Mutations in Epigenetic Regulation Genes Are a Major Cause of Overgrowth with Intellectual Disability

To explore the genetic architecture of human overgrowth syndromes and human growth control, we performed experimental and bioinformatic analyses of 710 individuals with overgrowth (height and/or head circumference ≥+2 SD) and intellectual disability (OGID). We identified a causal mutation in 1 of 14 genes in 50% (353/710). This includes HIST1H1E, encoding histone H1.4, which has not been associated with a developmental disorder previously. The pathogenic HIST1H1E mutations are predicted to result in a product that is less effective in neutralizing negatively charged linker DNA because it has a reduced net charge, and in DNA binding and protein-protein interactions because key residues are truncated.
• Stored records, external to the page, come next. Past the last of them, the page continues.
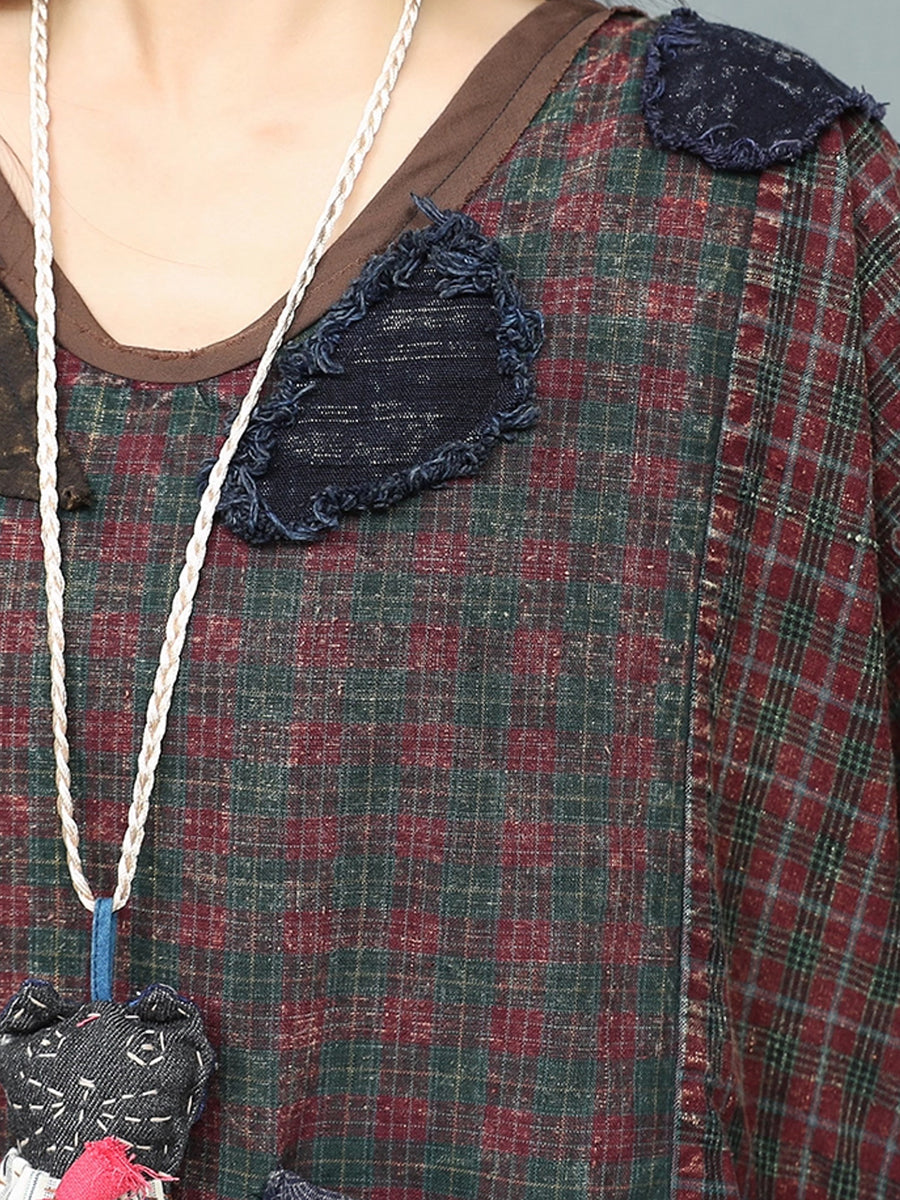 Women Autumn Retro Patchwork V-Neck Loose Cotton Suits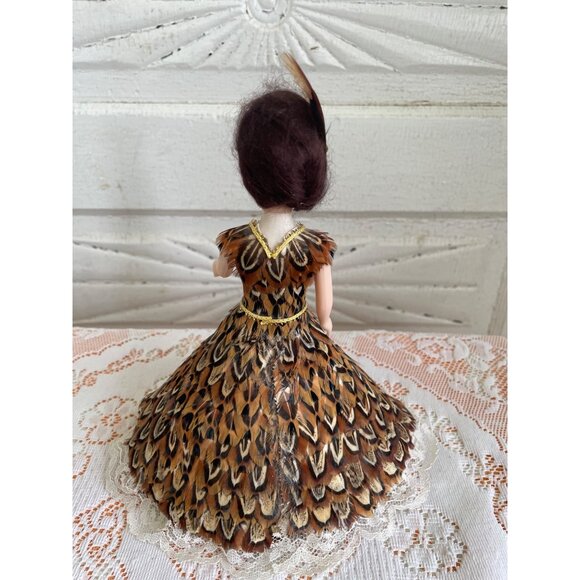 Vintage 1950s Celluloid Doll With Pheasant Feather Dress & Lace Trim - Picture 3 of 12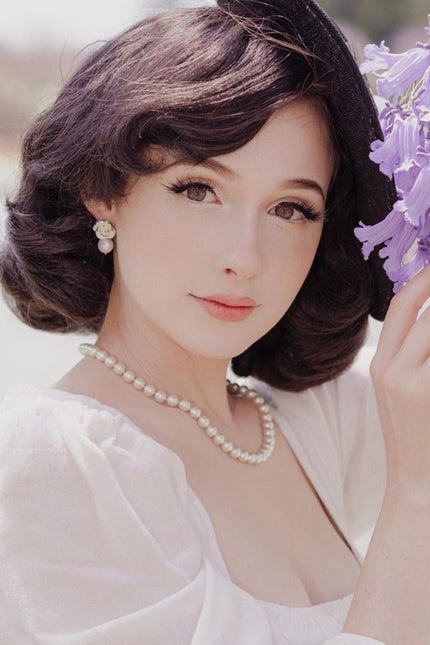 Poporcelain | White Cloud Rose Pearl Drop Earrings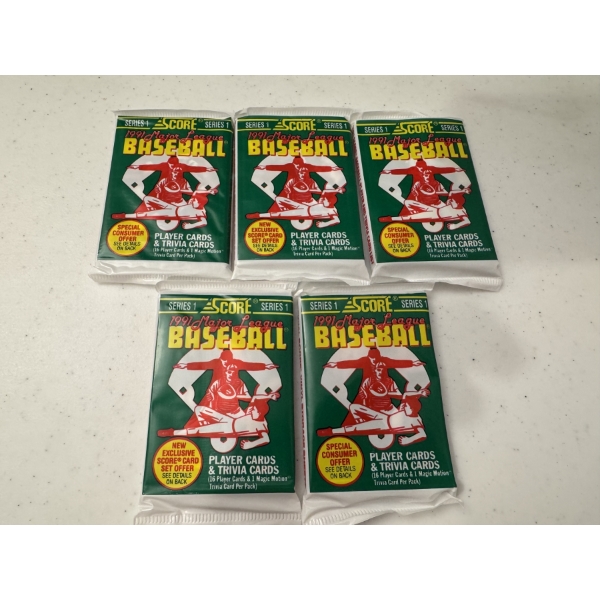  5 - 1991 Score Series 1 Unopened Baseball Card Wax Packs - Mint Condition - 16 Cards Per Pack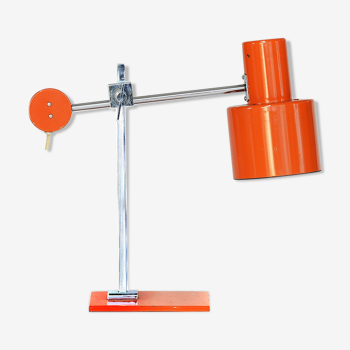 Lampe de table réglable par ASEA avec bras chrome et laqué orange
Functional network analyses demonstrated that epigenetic regulation is a prominent biological process dysregulated in individuals with OGID. Mutations in six epigenetic regulation genes—NSD1, EZH2, DNMT3A, CHD8, HIST1H1E, and EED—accounted for 44% of individuals (311/710). There was significant overlap between the 14 genes involved in OGID and 611 genes in regions identified in GWASs to be associated with height (p = 6.84 × 10−8), suggesting that a common variation impacting function of genes involved in OGID influences height at a population level. Increased cellular growth is a hallmark of cancer and there was striking overlap between the genes involved in OGID and 260 somatically mutated cancer driver genes (p = 1.75 × 10−14). However, the mutation spectra of genes involved in OGID and cancer differ, suggesting complex genotype-phenotype relationships. These data reveal insights into the genetic control of human growth and demonstrate that exome sequencing in OGID has a high diagnostic yield.
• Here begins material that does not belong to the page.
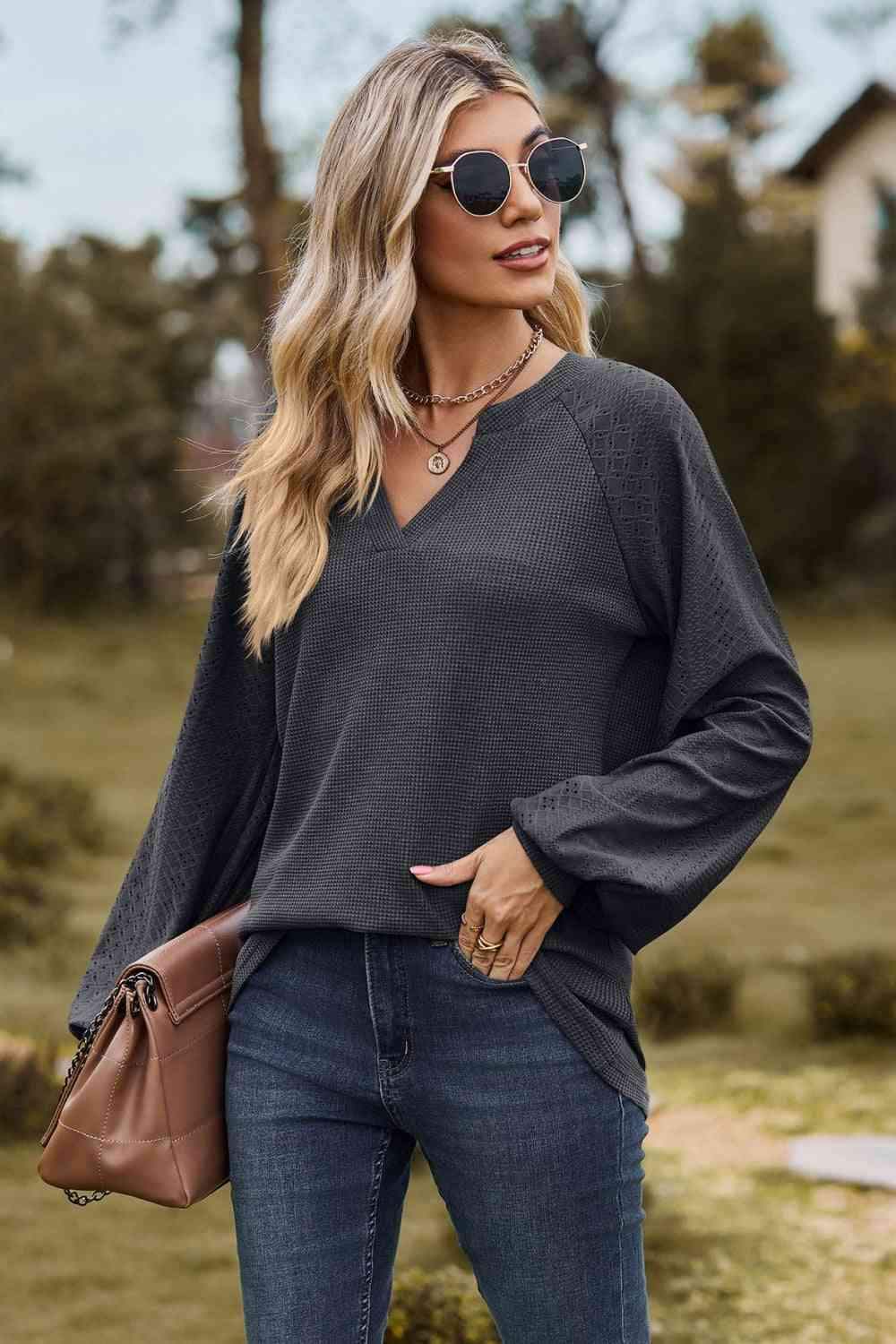 Notched Neck Raglan Sleeve Blouse Blouses - Tophatter Daily Deals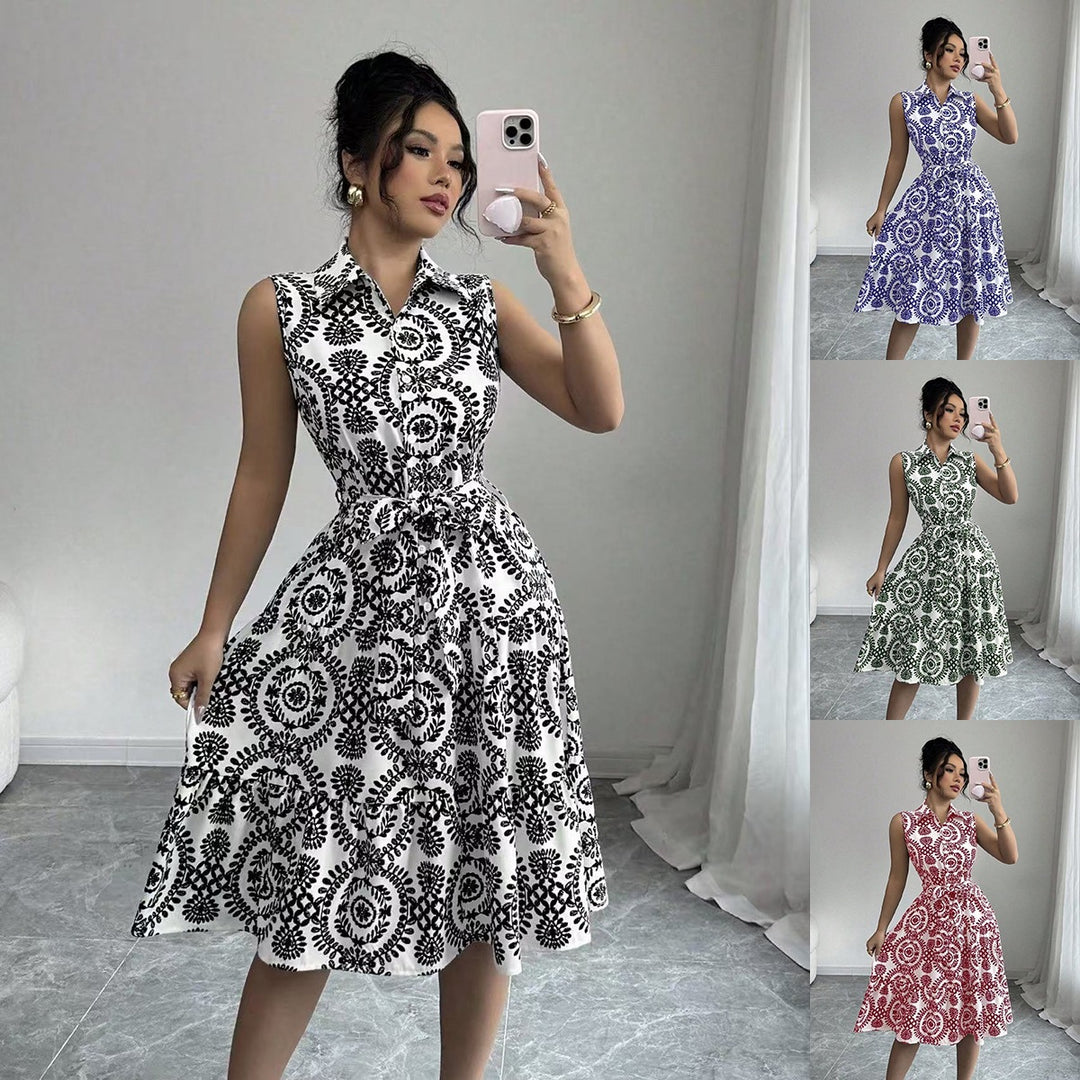 Dame elegant knaplukning skjortekjole Stilla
Mutations in the transcriptional repressor REST predispose to Wilms tumor

Wilms tumor is the most common childhood renal cancer. To identify mutations that predispose to Wilms tumor, we are conducting exome sequencing studies. Here we describe 11 different inactivating mutations in the REST gene (encoding RE1-silencing transcription factor) in four familial Wilms tumor pedigrees and nine non-familial cases. Notably, no similar mutations were identified in the ICR1000 control series (13/558 versus 0/993; P < 0.0001) or in the ExAC series (13/558 versus 0/61,312; P < 0.0001). We identified a second mutational event in two tumors, suggesting that REST may act as a tumor-suppressor gene in Wilms tumor pathogenesis. REST is a zinc-finger transcription factor that functions in cellular differentiation and embryonic development. Notably, ten of 11 mutations clustered within the portion of REST encoding the DNA-binding domain, and functional analyses showed that these mutations compromise REST transcriptional repression. These data establish REST as a Wilms tumor predisposition gene accounting for ∼2% of Wilms tumor.